Essa situação, segundo os agricultores, faz com que os produtos quando chegam ao mercado já não têm a qualidade desejada e há houve casos em que são retornados às localidades, para o desalento dos lavradores.

As restrições ainda existentes a nível de exportação, por causa do embargo imposto, há mais de três décadas, aos produtos agrícolas de Santo Antão, constitui outra revés para os agricultores, para quem essa medida tem estado a “sufocar ” a agricultura não só no Porto Novo, como é toda a ilha.

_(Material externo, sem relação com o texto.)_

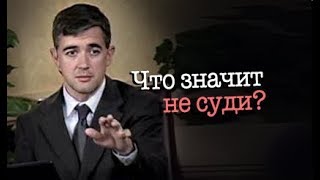 Указывая на заблуждения, тебя обрубают: "НЕ СУДИ, НЕ СЕЙ РАЗДЕЛЕНИЯ!"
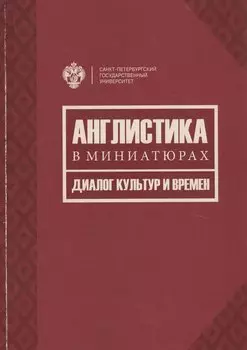 Англистика в миниатюрах. Диалог культур и времен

O embargo, levantado parcialmente, em 2013, com a operacionalização do centro pós colheita de Santo Antão, permite o escoamentos dos excedente desta ilha apenas para as ilhas do Sal e Boa Vista, mas, neste caso, a irregularidades nos transportes marítimos inter-ilhas dificulta muito.

Face às preocupações, insistentemente levantadas pelos agrícolas, partilhadas pelos serviços do MAA no Porto Novo, o Governo já admitiu a possibilidade de liberalizar a exportação dos produtores provenientes das localidades ainda sem mil-pés.

Trata-se dos casos de Martiene, Chã de Branquinho, Chã de Norte e Tarrafal de Monte Trigo, zonas ainda livre dessa praga daninha, que chegou a Santo Antão nos finais dos anos 70, vinda da Europa em plantas de jardim.

O centro pós-colheita, devido a sua má localização (fica na preferia da cidade do Porto Novo, afastado do porto), tem sido sub-aproveitado (nesses cinco anos de funcionamento tratou apenas 500 toneladas de produtos), mas o MAA garante estar em curso o processo de deslocalização desse espaço para as instalações portuárias, onde poderá servir melhor os produtores.

Por causa da praga dos mil-pés, mas também devido ao problema de água, os agricultores nos concelhos do Paul e Ribeira Grande, onde se produz ainda banana e fruta pão em grande quantidade, optam mais pela monocultura de caca de açúcar.

Estima-se que, pelo menos, dois terços de toda a área de regadio (mais de mil hectares) esteja, nesta altura, ocupada por cana sacarina para o fabrico do grogue, cuja produção ronda os dois milhões de litros por ano.